A Few Common Statistical Distributions

If you are a developer, you might think of statistical distributions as design patterns for statistical analysis. For instance, a normal distribution can concisely, with only two parameters, model a vast variety of phenomena. You won't get a perfect model, but, as George Pox put it:

All models are wrong, some are useful.

Statistical distributions can be seen as an attempt to create simple models that are reusable for many different cases. I think simplicity deserves some emphasis here. In fact, the above quote about all models being wrong is a nice one, but, in a paper by George Pox there's a sentence I like even more:

Just as the ability to devise simple but evocative models is the signature of the great scientist so overelaboration and overparameterization is often the mark of mediocrity.

Over time, a bunch of reusable models have been created. Let's have a look at the Bernoulli, Binomial, Geometric, Poisson, Exponential, Normal and Log-normal distribution. There are many more, but hey, we have to start somewhere.

The Bernoulli Distribution

If you think about what a coin toss is, it is an event (coin is thrown up in the air) with two outcomes (heads or tails), and these have equal probability. A Bernoulli distribution can describe probabilities related to a process with such a setup. However, it can do more than that, indeed, it can also handle unequal probabilities for the outcomes. You may think that flipping coins isn't the most important thing to model. But, imagine if your coin flip is rather whether a customer purchases something or not. Also here we have an event (customer visits your shop/website) and two outcomes (purchase/no purchase). These events are unlikely to have equal probability of course, and indeed, your work as a designer is to push up the probability of the desired outcome.

Finally, let us look at the probability mass function (PMF):

\[ \begin{alignat}{1} &X{\sim}\text{Bern}(p)\\ &P(X=x) = p^x(1-p)^{1-x}I_{\{0,1\}}(x) \end{alignat} \]

This function describes the probability associated with the outcomes, which are represented as x=0 or x=1.

The Binomial Distribution

What if we do a bunch of Bernoulli trials? Let us imagine that we toss our coin 10 times. A natural thing to be interested in then is how many coin tosses result in heads or tails. Or, for a website, we might want to ask ourselves: out of all unique sessions, how many resulted in a purchase?

The Binomial distribution is the sum of independent Bernoulli trials. E.g. we toss the coin 10 times. We decide on what success is, and label it 1. E.g. if heads is considered success, the outcome of our series of tosses is the number of heads. In this case, a Binomial distribution allows us to calculate probabilities for how many heads we will get.

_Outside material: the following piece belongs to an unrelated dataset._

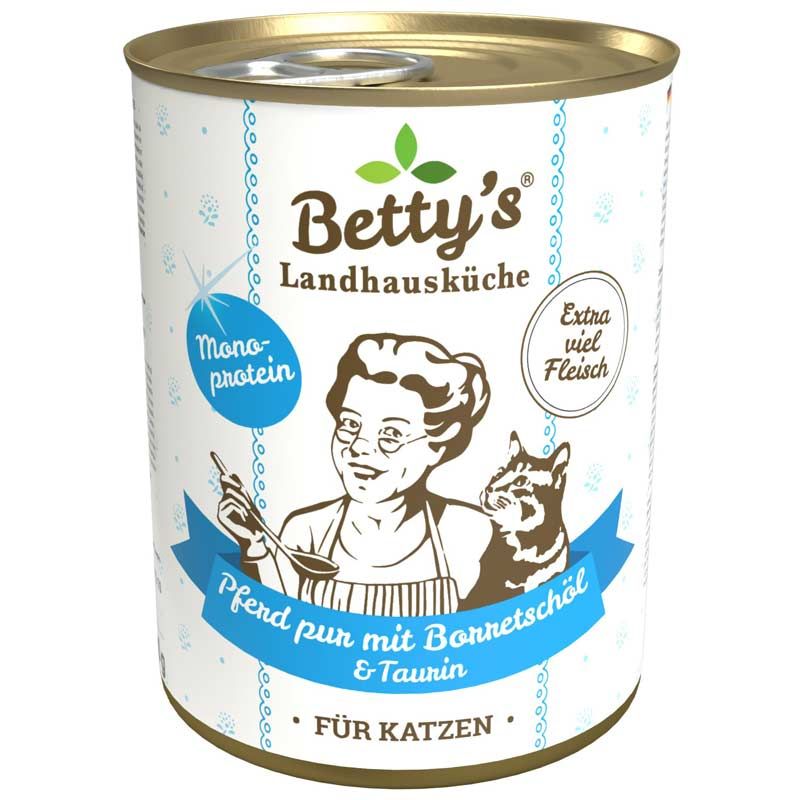 Betty's Landhausküche Dose Pferd PUR + Borretschöl 400g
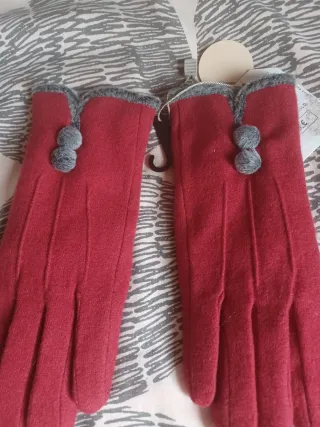 Guantes rojos táctiles mujer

Finally, let us look at the probability mass function (PMF):

\[ \begin{alignat}{1} &X{\sim}\text{Bin}(n,p)\\ &P(X=x) = {n\choose x}p^x(1-p)^{n-x}I_{\{0,1,...,n\}}(x) \end{alignat} \]

It is a quite neat function. \(p^x\) is the probability of the successes. \((1-p)^{n-x}\) is the probability of failures. \(n\choose x\) comes from that success can happen at any of the n trials.

The Geometric Distribution

Counting the number of successes given a fixed number of attempts may be interesting for some. But what if we are interested in the number of attempts until our first success? Well, the Geometric distribution is all about that. It gives us the probability of having to do a certain number of attempts until we get our first success. E.g. how many times do we need to toss our coin until we get heads?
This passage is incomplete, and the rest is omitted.